REQUIRED WORK:
All that should be output is the block of lines below from the line with "Child wearing a" to the line with "Gravel road along a quiet fjell lake", both included, exactly as written.

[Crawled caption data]
===============
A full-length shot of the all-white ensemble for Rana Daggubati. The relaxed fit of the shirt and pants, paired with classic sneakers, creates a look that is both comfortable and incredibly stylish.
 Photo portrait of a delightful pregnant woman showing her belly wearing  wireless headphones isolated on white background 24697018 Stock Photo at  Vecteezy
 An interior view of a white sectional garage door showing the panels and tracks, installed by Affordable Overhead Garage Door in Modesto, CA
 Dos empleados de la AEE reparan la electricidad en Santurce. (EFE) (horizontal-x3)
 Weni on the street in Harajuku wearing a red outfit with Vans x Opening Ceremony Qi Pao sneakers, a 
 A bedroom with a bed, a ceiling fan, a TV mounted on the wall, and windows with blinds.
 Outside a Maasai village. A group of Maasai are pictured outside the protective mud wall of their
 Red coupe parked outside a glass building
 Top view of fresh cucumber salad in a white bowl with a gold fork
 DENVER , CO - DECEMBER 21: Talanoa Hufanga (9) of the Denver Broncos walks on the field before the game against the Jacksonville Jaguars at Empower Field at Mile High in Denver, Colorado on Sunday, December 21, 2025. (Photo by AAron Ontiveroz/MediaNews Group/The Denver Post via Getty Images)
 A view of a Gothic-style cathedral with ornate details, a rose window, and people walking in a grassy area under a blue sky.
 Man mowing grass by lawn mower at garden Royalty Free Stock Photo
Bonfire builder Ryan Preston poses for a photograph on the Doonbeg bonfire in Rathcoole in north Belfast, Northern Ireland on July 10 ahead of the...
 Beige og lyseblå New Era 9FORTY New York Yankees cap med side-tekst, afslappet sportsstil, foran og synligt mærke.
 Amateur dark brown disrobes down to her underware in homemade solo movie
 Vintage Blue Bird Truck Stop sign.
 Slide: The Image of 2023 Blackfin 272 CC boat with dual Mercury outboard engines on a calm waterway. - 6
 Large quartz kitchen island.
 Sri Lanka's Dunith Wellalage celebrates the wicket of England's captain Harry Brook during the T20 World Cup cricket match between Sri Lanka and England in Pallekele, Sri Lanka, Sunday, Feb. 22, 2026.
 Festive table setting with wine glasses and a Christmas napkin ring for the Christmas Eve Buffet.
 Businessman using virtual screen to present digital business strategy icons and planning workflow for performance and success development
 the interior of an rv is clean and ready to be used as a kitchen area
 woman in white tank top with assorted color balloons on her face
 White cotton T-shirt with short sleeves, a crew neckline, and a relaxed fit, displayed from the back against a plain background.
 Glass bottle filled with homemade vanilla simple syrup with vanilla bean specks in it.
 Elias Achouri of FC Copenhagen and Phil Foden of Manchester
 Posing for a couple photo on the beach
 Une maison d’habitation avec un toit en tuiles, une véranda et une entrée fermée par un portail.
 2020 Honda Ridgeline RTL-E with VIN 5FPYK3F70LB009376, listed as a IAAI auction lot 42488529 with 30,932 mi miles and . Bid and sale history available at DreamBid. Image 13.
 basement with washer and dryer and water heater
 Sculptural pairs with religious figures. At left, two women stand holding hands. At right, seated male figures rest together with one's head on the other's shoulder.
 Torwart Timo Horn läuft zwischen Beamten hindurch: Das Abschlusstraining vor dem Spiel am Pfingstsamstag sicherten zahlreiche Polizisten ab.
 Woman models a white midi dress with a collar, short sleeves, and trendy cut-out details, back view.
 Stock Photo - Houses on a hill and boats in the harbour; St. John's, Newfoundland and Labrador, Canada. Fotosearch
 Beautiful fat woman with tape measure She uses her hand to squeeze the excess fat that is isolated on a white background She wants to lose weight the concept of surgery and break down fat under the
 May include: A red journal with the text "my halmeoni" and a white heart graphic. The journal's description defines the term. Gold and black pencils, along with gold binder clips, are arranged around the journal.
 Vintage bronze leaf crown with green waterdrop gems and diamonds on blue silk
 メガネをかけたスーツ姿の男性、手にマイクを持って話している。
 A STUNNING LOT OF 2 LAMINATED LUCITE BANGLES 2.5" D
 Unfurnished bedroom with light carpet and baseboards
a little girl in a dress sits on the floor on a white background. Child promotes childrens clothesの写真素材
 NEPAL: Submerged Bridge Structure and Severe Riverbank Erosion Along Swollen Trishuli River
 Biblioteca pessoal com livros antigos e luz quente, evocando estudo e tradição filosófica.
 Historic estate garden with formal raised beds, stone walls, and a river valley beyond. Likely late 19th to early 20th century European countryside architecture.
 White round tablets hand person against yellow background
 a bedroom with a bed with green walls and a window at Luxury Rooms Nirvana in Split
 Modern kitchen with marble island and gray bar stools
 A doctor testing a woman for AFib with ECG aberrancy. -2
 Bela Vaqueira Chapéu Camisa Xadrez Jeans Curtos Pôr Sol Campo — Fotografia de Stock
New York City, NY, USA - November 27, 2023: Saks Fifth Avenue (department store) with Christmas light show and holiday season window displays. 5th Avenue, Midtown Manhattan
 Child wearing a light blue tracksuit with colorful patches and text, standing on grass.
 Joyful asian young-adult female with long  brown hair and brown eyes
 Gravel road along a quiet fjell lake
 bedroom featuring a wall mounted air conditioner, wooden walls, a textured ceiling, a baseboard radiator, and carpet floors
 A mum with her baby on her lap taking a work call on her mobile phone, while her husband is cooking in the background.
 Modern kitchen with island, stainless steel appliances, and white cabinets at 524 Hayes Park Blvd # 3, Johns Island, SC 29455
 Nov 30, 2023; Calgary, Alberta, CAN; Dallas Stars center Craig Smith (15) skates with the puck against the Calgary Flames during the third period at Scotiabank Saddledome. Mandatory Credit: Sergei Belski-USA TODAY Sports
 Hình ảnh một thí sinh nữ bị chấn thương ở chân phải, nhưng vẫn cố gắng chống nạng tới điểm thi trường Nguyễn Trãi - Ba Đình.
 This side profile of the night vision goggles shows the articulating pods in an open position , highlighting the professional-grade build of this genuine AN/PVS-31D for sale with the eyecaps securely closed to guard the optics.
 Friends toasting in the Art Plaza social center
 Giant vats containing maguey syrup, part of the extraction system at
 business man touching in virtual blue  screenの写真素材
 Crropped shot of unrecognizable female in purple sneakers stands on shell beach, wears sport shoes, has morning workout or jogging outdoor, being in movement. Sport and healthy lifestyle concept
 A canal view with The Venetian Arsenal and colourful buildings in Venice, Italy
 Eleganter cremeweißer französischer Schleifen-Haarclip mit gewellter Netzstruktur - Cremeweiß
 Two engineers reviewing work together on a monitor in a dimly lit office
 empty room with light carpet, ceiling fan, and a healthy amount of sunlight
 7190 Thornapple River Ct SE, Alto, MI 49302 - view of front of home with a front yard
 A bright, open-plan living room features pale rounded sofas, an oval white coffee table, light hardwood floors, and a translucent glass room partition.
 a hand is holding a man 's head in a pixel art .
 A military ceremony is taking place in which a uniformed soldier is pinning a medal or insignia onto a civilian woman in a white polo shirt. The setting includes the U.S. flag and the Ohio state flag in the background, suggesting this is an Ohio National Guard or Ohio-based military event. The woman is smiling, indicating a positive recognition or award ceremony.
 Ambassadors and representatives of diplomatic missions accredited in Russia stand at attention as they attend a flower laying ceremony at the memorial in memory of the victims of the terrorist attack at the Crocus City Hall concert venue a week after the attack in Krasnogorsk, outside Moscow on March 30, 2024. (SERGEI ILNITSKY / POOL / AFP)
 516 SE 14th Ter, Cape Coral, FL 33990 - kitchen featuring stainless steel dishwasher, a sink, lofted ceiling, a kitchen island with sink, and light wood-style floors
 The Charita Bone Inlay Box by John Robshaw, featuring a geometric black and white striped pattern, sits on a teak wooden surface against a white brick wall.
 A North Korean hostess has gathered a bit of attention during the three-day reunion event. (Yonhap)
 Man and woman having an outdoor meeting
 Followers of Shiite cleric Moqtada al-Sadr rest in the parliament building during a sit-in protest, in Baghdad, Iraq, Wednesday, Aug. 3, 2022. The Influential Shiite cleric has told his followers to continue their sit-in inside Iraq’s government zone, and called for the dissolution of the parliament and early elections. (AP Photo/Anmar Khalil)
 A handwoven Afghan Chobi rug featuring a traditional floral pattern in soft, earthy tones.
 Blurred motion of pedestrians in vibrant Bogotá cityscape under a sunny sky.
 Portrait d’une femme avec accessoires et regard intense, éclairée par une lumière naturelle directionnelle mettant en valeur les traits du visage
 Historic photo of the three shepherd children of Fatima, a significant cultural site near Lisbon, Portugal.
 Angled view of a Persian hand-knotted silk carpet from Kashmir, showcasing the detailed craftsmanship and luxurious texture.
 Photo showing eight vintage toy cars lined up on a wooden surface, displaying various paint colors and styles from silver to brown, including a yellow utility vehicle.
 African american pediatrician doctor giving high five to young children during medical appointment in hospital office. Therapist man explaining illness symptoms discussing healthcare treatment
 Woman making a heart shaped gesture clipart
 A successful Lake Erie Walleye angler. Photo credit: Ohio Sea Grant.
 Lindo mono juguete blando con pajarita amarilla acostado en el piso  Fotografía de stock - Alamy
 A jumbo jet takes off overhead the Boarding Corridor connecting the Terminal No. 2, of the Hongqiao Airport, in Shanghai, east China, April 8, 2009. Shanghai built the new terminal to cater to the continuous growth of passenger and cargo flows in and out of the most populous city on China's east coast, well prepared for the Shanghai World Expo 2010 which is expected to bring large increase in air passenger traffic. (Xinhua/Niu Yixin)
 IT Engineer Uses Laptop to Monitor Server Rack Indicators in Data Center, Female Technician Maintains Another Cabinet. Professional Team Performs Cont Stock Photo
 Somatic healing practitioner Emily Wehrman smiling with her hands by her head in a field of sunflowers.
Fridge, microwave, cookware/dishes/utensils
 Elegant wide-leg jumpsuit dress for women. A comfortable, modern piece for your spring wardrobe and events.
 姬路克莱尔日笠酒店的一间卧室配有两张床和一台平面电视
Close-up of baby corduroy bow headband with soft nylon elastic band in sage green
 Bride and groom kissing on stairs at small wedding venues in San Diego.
===============
OUTPUT OF THE TASK:
 Child wearing a light blue tracksuit with colorful patches and text, standing on grass.
 Joyful asian young-adult female with long  brown hair and brown eyes
 Gravel road along a quiet fjell lake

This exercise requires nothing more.